0 votes
1 view
in Python by (6.1k points)

I have the following dataframe:

import pandas as pd

df = pd.DataFrame({'var': ['A', 'A', 'B', 'B', 'C', 'C', 'C'],

                       'value': [1, 2, 1, 2, 3, 4, 5],

                       'input': [0.1, 0.1, 0.2, 0.2, 0.3, 0.3, 0.3]})

I would like to keep the var for which the value is the highest by input and set the rest of the var to NA.

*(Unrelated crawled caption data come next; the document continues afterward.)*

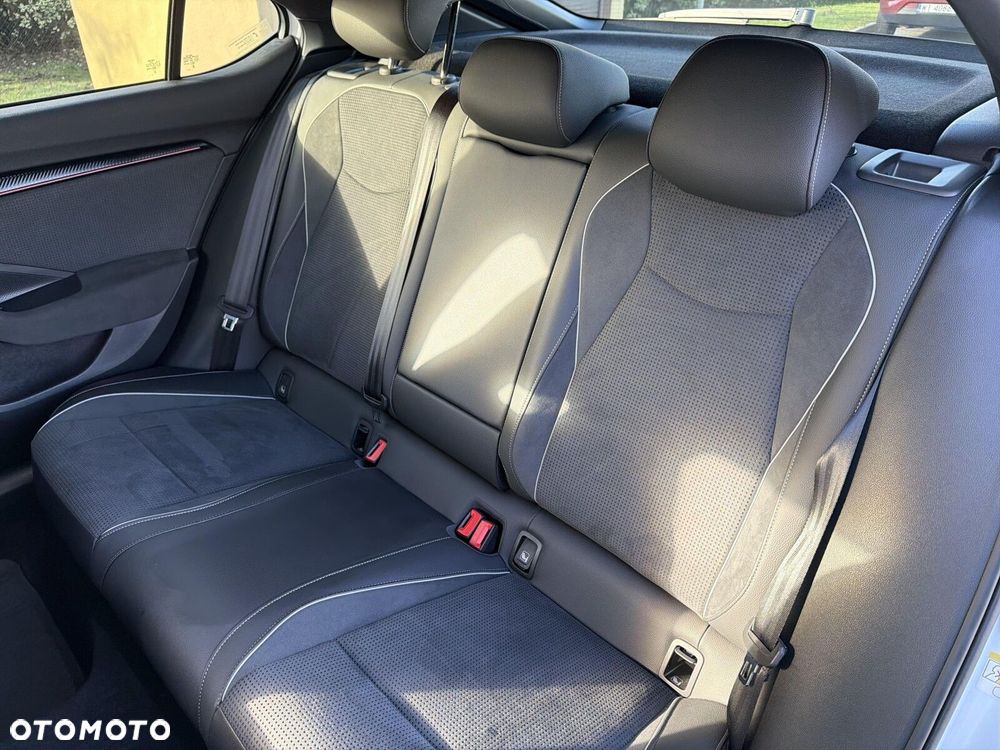 Skoda Superb 2.0 TDI SCR 4x4 Sportline DSG - 23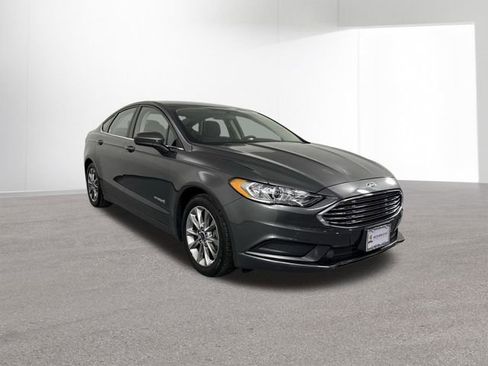 Used 2017 Ford Fusion SE image 3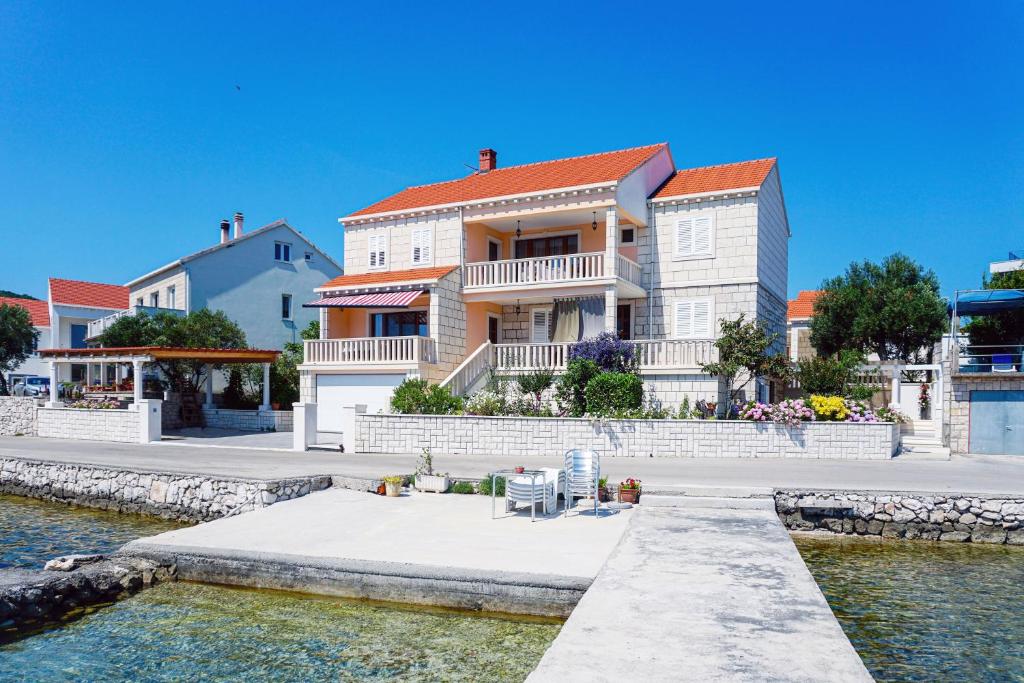 Budova, v ktorej sa apartmán nachádza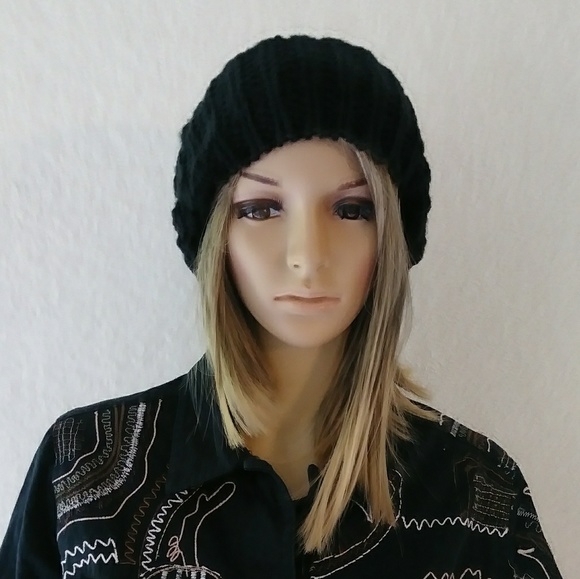 Black Knit Beanie Hat - Picture 2 of 4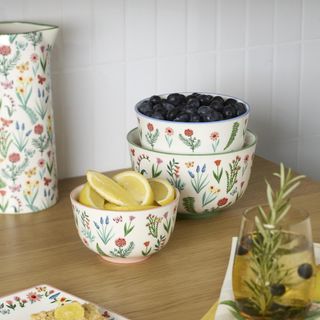 First Blooms 3-Piece Nesting Bowl Set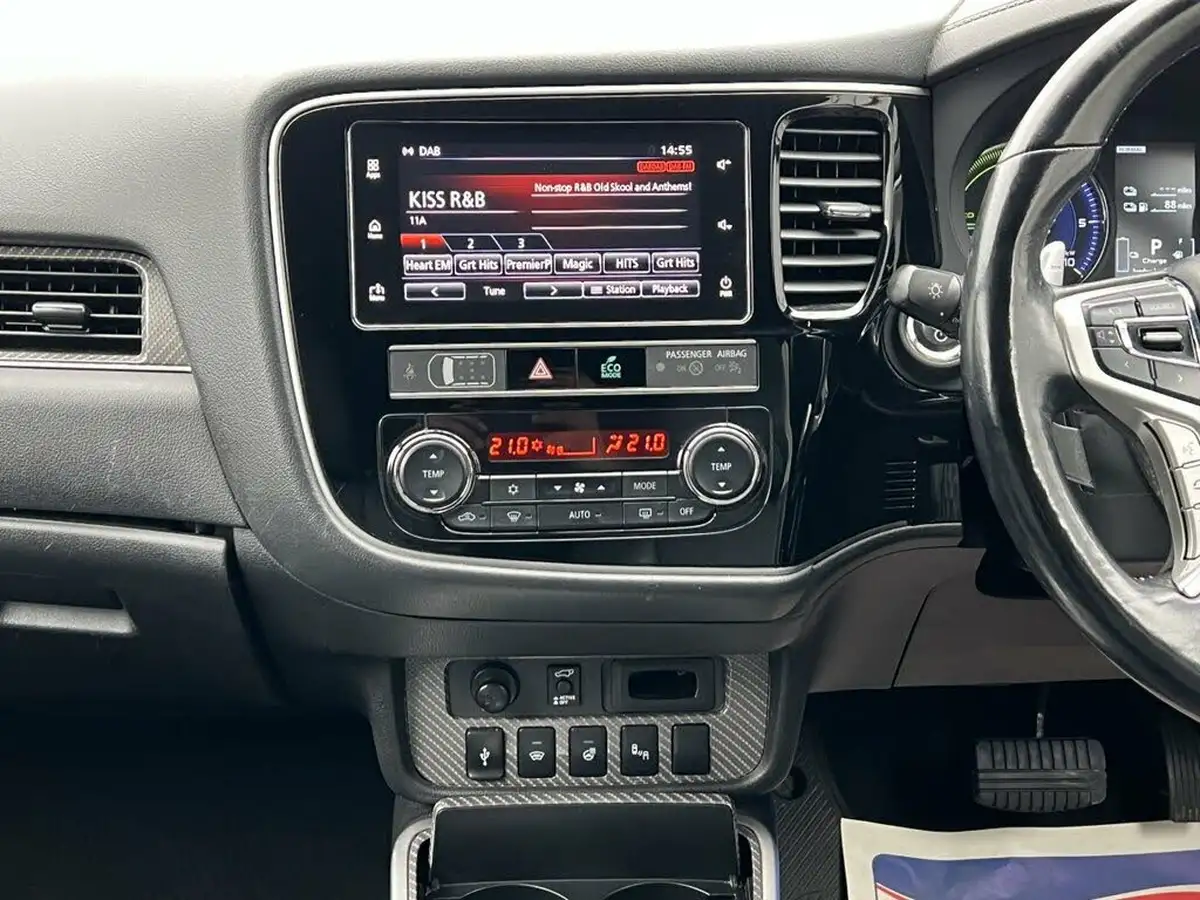 2018-mitsubishi-outlander-24-5h-phev-big-37
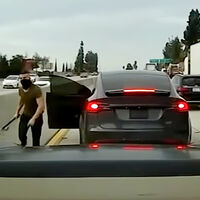 Cinco años de cárcel para el conductor de un Tesla que agredía con una barra de hierro en plena autopista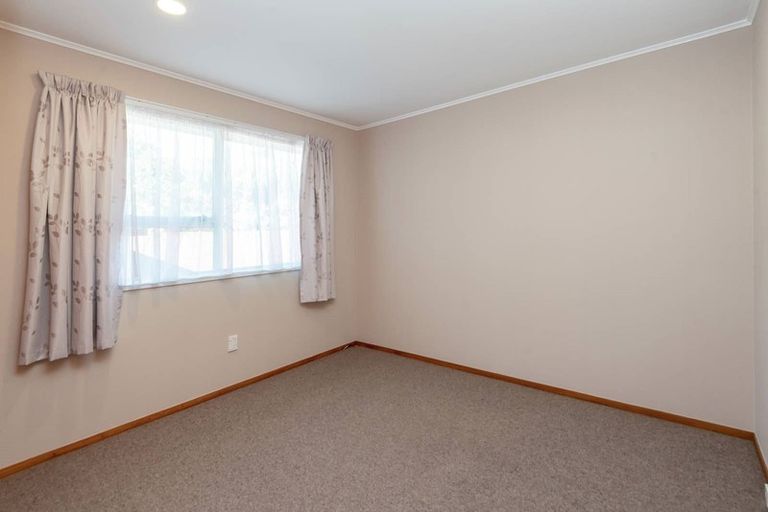 Photo of property in 69 Lewisham Street, Highland Park, Auckland, 2010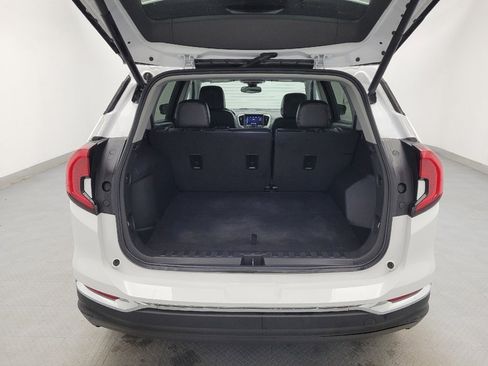 Used 2023 GMC Terrain SLT image 29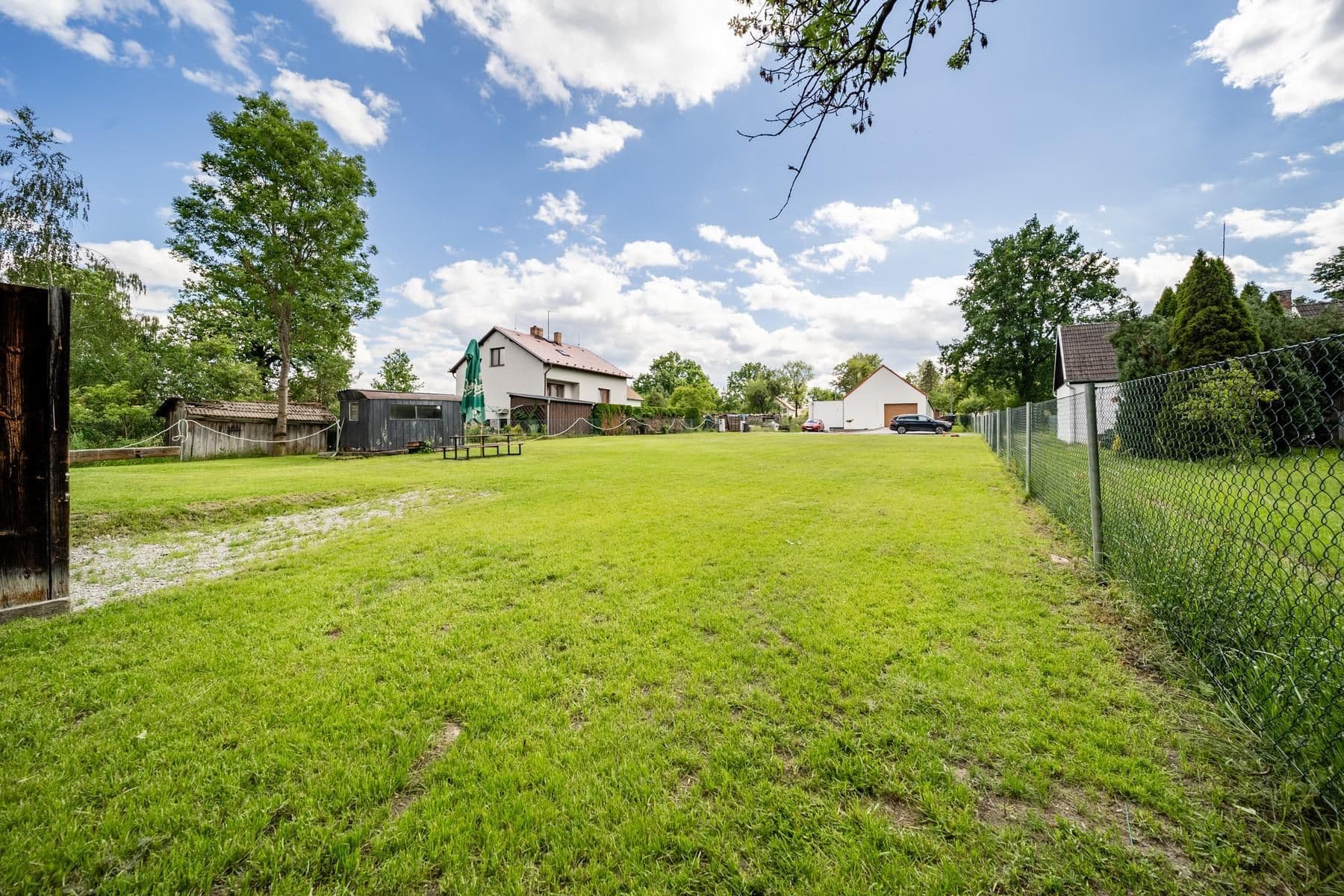 Prodej pozemku 1.085 m², Třeboň, Jihočeský kraj Prodej pozemku 1.085 m², Třeboň, Jihočeský kraj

So I would like to end up with:

   df = pd.DataFrame({'var': [np.nan, 'A', np.nan, 'B', np.nan, np.nan, 'C'],

                       'value': [1, 2, 1, 2, 3, 4, 5],

                       'input': [0.1, 0.1, 0.2, 0.2, 0.3, 0.3, 0.3]})

Any ideas ?

1 Answer

0 votes
by (12.1k points)

Use GroupBy.transform with max for Series with same size like original DataFrame, compare for not equal by Series.ne and set new values with loc:

mask = df.groupby('var')['value'].transform('max').ne(df['value'])

 

df.loc[mask, 'var'] = np.nan

print (df)

   var  value  input

0  NaN 1    0.1

1 A 2    0.2

2  NaN 1    0.3

3 B 2    0.4

4  NaN 3    0.5

5  NaN 4    0.6

6 C 5    0.7

...